• **INFORMATION SUPPLIED**:
■ ■ ■ ■ ■ ■ ■

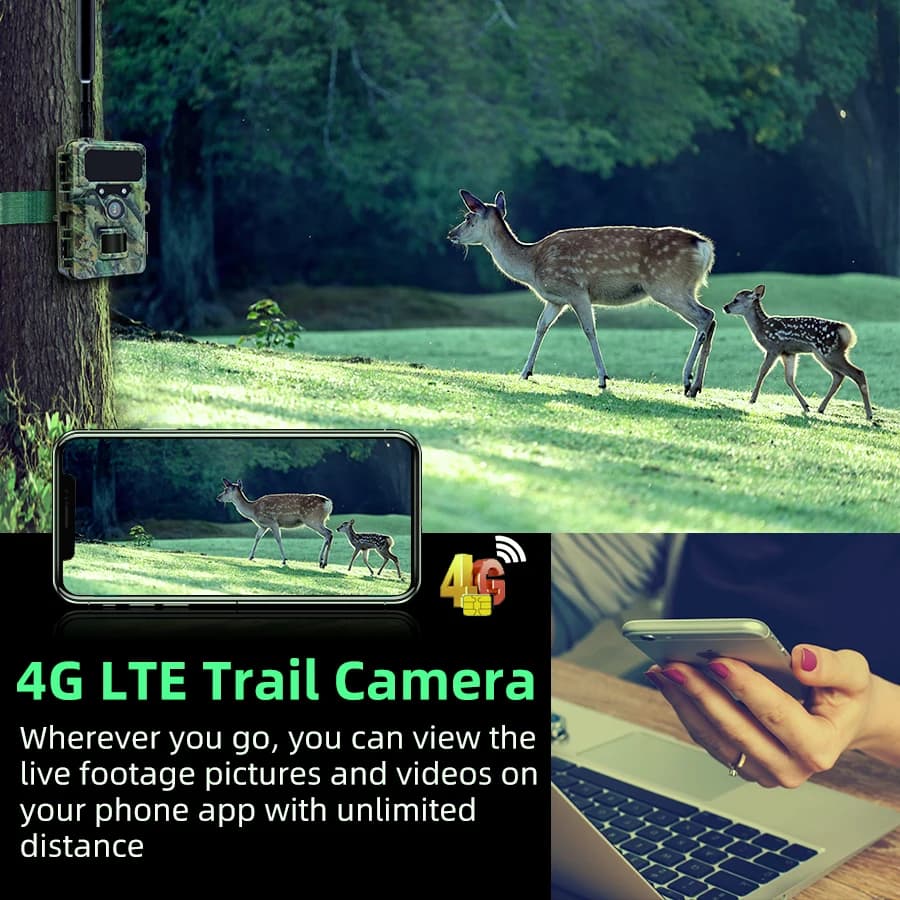 Caméra cellulaire 4G LTE 2.7K HD - Contrôle APP détection mouvement étanche faune chasse avec carte SIM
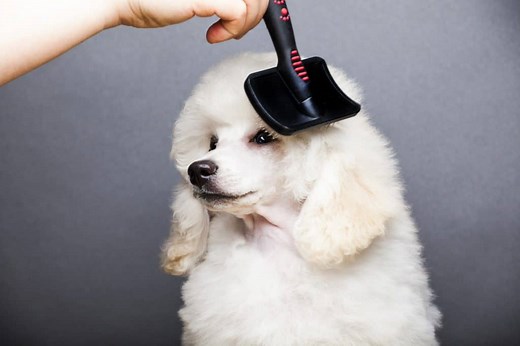 The 9 Best Hair Brushes for Poodles (With Pictures) | Poodle Report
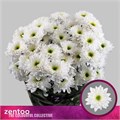 Хризантема куст-Chrysant Tr-Commander-70cm-85gr 453739cb-5e4c-11f0-0a80-01f40017d963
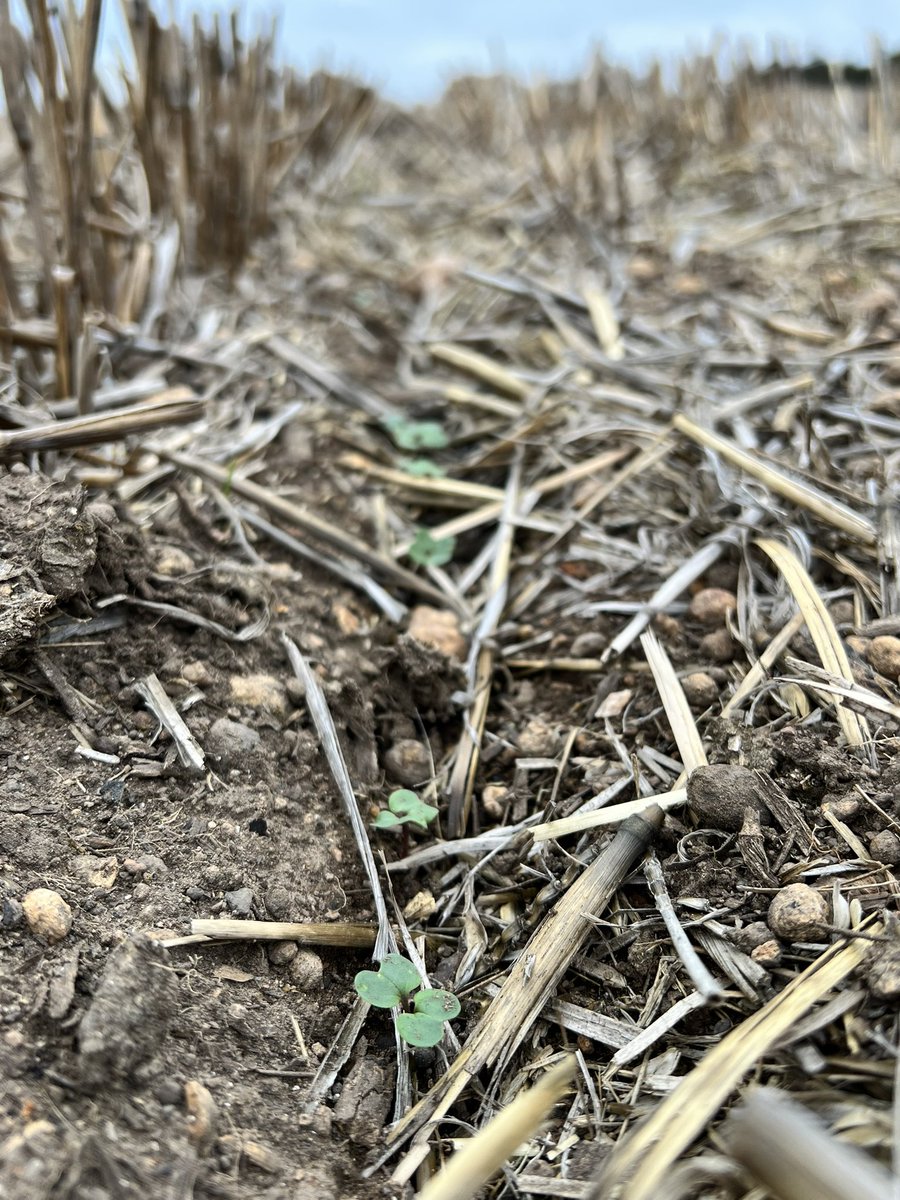 Rich Packard tweet media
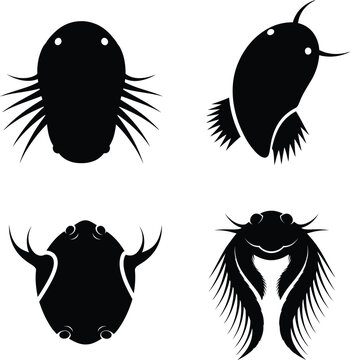 Four silhouettes of freshwater crustacean branchiopods, known as brine shrimp, tadpole shrimp, water flea, and clam shrimp, scientific illustration.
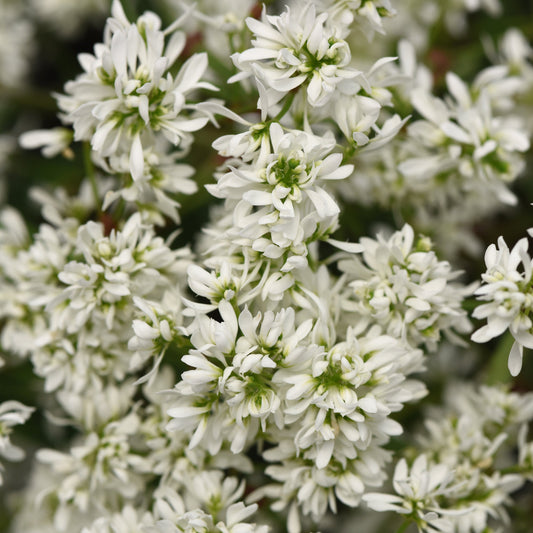 Euphorbia 'Flurry'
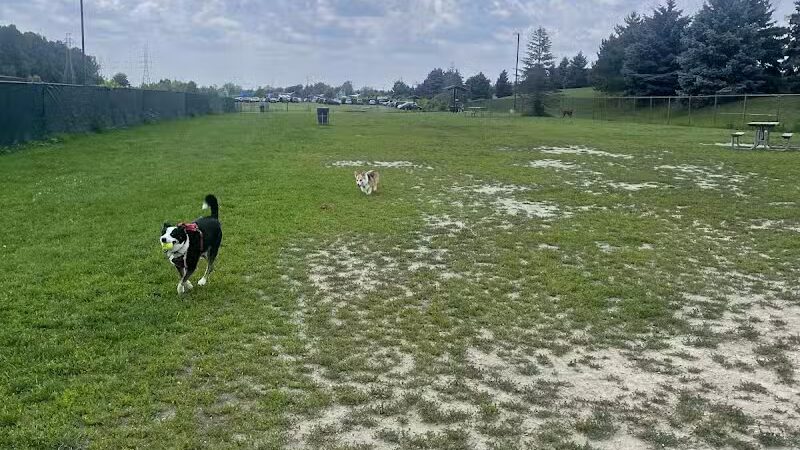 Red Oaks Dog Park - Madison Heights, MI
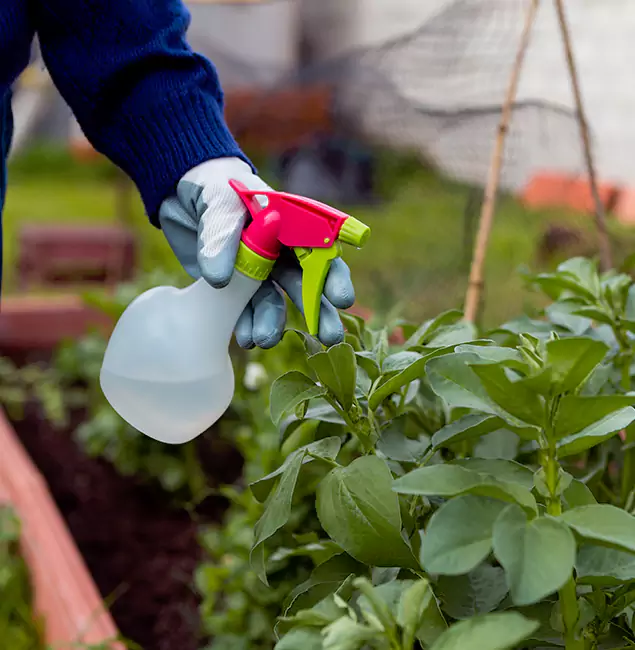 Why Atlanta Relies on Atlanta Pest Control Expert for Wasp Control Services?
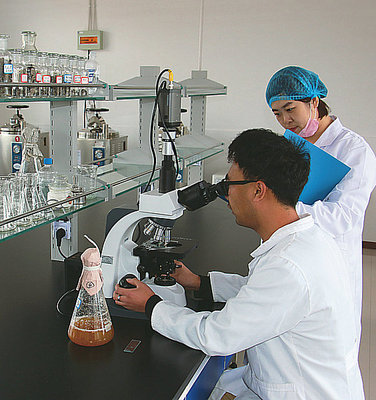 科技之光映照菌菇新篇——当“日出江花红胜火”的灵感邂逅食用菌研发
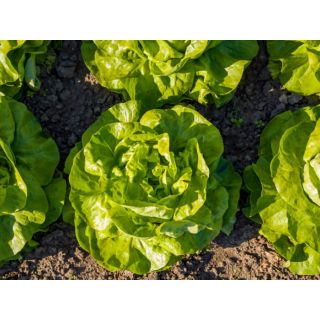 Compra LECHUGA ILONA Pildorada (10.000 Semillas) en la tienda online Fito Agrícola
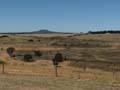 Mount Napier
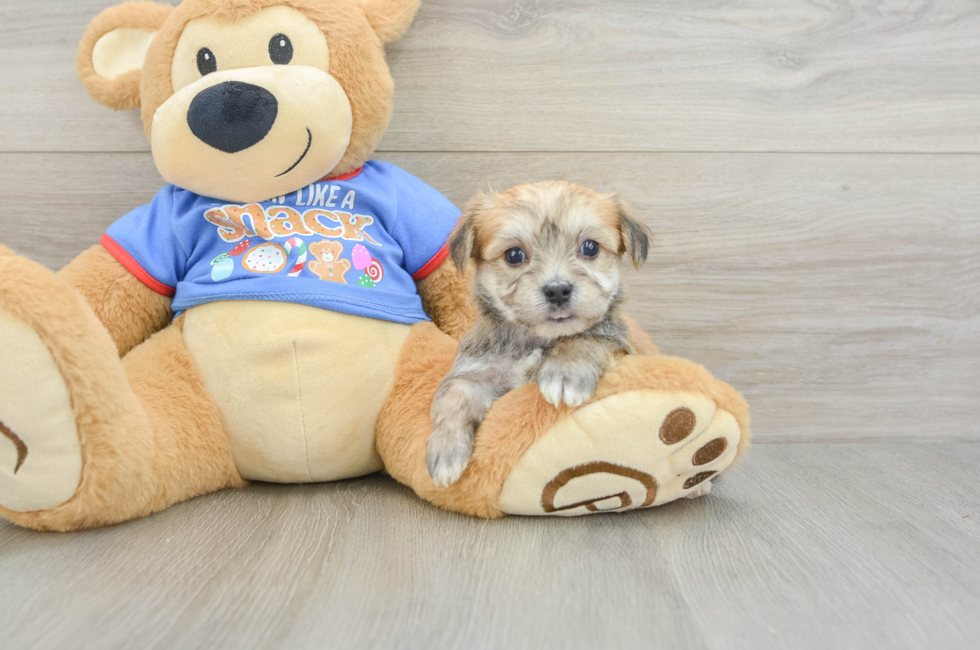 5 week old Morkie Puppy For Sale - Pilesgrove Pups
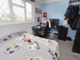 Thumbnail Detached house for sale in Samsons Road, Brightlingsea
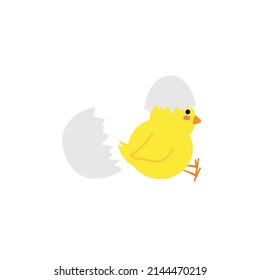 small baby bird emergence from egg, cracked shell in laying hens nest,Chicken hatching stages. Newborn little cute chick,Easter chicks concept.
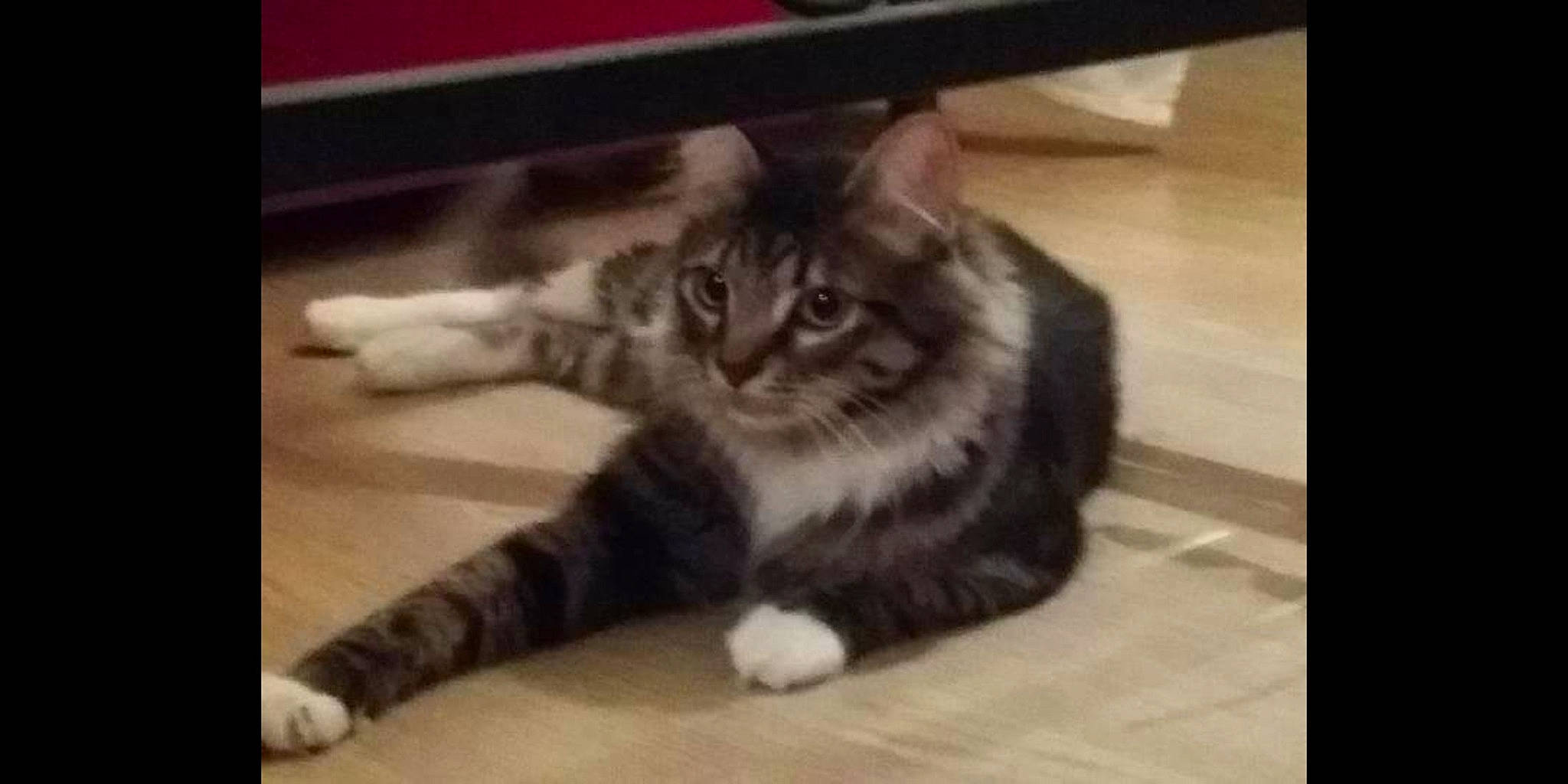 Tim Tim participe au concours pour gagner de l'argent avec cette photo : carnivore, cat, european_shorthair, eye, facial_expression, felidae, fur, kitten, maine_coon, mammal, norwegian_forest_cat, paw, photo_caption, photography, small_to_medium_sized_cats, snapshot, snout, tabby_cat, vertebrate, whiskers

■ ■ ■ ■ ■ ■ ■

Write the records above out again exactly, with no pictures in your copy.

 Caméra cellulaire 4G LTE 2.7K HD - Contrôle APP détection mouvement étanche faune chasse avec carte SIM
 The 9 Best Hair Brushes for Poodles (With Pictures) | Poodle Report
 Хризантема куст-Chrysant Tr-Commander-70cm-85gr 453739cb-5e4c-11f0-0a80-01f40017d963
 Rich Packard tweet media
 Four silhouettes of freshwater crustacean branchiopods, known as brine shrimp, tadpole shrimp, water flea, and clam shrimp, scientific illustration.
 Euphorbia 'Flurry'
 Red Oaks Dog Park - Madison Heights, MI
 Why Atlanta Relies on Atlanta Pest Control Expert for Wasp Control Services?
 科技之光映照菌菇新篇——当“日出江花红胜火”的灵感邂逅食用菌研发
 Compra LECHUGA ILONA Pildorada (10.000 Semillas) en la tienda online Fito Agrícola
 Mount Napier
 5 week old Morkie Puppy For Sale - Pilesgrove Pups
 Thumbnail Detached house for sale in Samsons Road, Brightlingsea
 small baby bird emergence from egg, cracked shell in laying hens nest,Chicken hatching stages. Newborn little cute chick,Easter chicks concept.
 Tim Tim participe au concours pour gagner de l'argent avec cette photo : carnivore, cat, european_shorthair, eye, facial_expression, felidae, fur, kitten, maine_coon, mammal, norwegian_forest_cat, paw, photo_caption, photography, small_to_medium_sized_cats, snapshot, snout, tabby_cat, vertebrate, whiskers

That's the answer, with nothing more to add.